__Instructions to follow__
Each line from the one containing "Gustave Moss 5-Pc" to the end of the entries below is to be set down exactly; the pictures are not.

__Records shown__
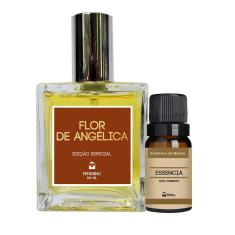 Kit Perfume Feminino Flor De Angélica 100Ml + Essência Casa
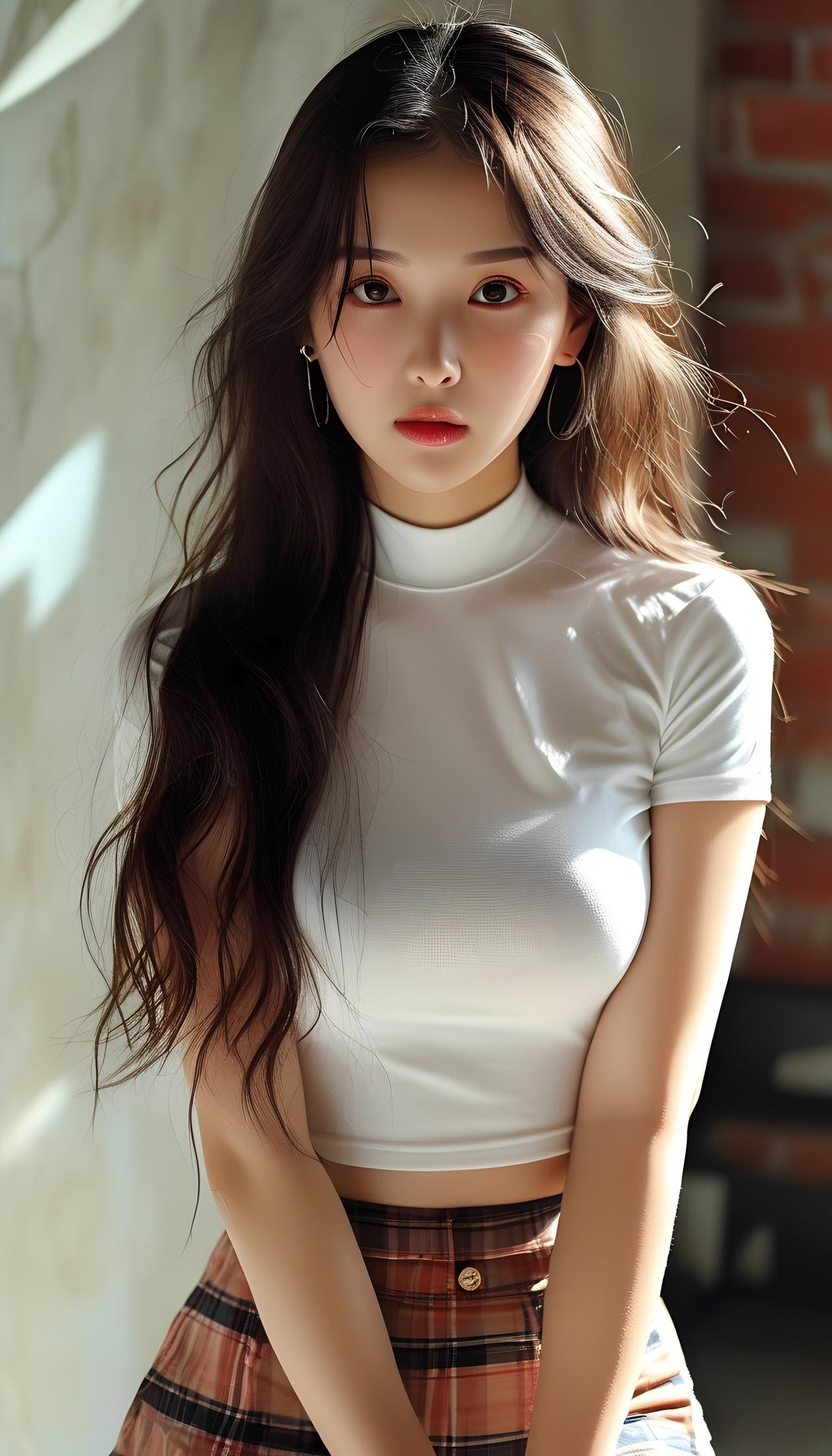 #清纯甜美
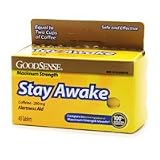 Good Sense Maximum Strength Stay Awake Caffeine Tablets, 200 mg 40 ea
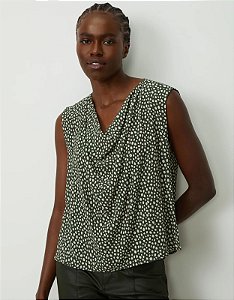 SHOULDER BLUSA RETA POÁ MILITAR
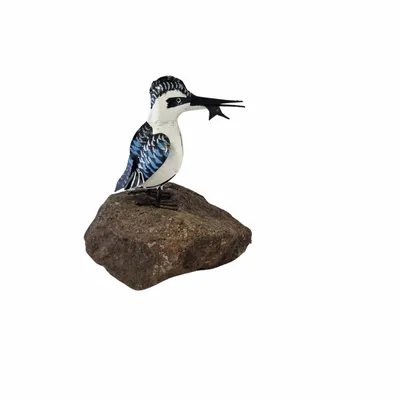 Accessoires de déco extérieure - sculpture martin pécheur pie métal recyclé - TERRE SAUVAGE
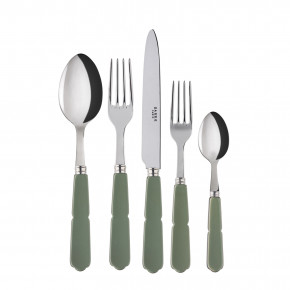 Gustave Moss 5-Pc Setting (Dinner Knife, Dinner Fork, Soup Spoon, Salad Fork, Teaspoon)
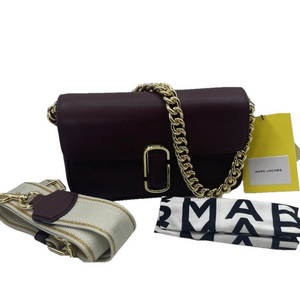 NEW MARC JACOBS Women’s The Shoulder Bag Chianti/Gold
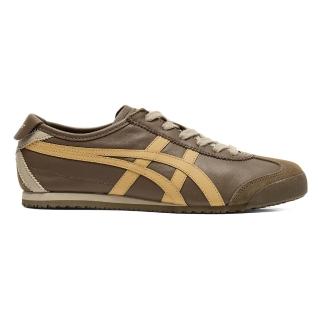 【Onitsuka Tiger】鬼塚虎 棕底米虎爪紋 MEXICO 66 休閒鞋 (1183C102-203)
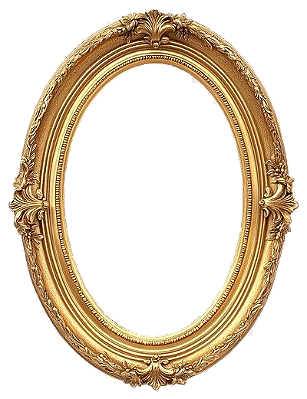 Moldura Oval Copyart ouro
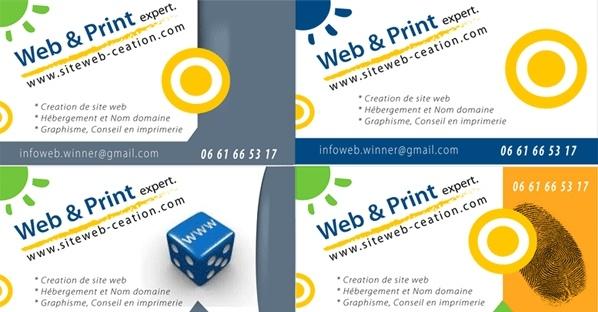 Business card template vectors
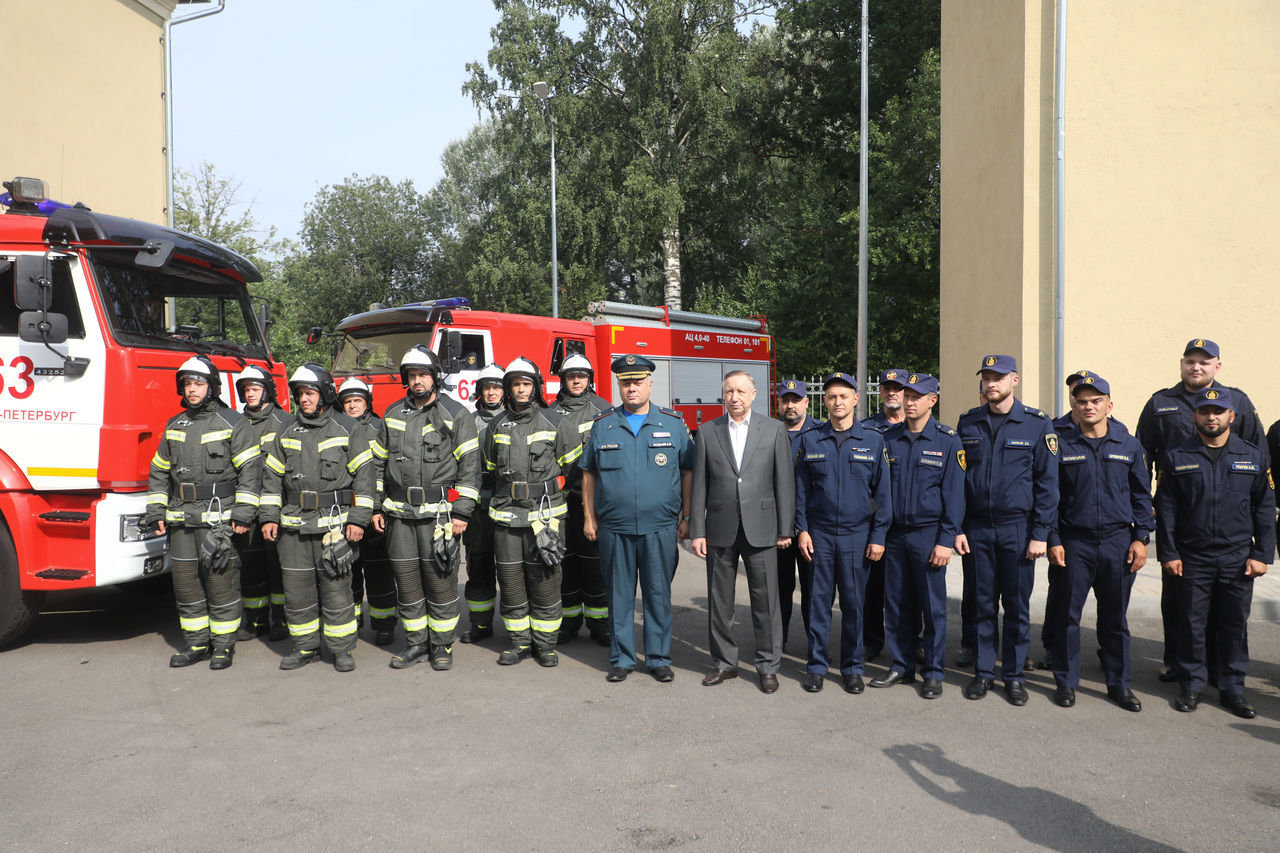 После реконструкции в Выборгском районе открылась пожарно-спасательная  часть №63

__Exercise output__
 Gustave Moss 5-Pc Setting (Dinner Knife, Dinner Fork, Soup Spoon, Salad Fork, Teaspoon)
 NEW MARC JACOBS Women’s The Shoulder Bag Chianti/Gold
 【Onitsuka Tiger】鬼塚虎 棕底米虎爪紋 MEXICO 66 休閒鞋 (1183C102-203)
 Moldura Oval Copyart ouro
 Business card template vectors
 После реконструкции в Выборгском районе открылась пожарно-спасательная  часть №63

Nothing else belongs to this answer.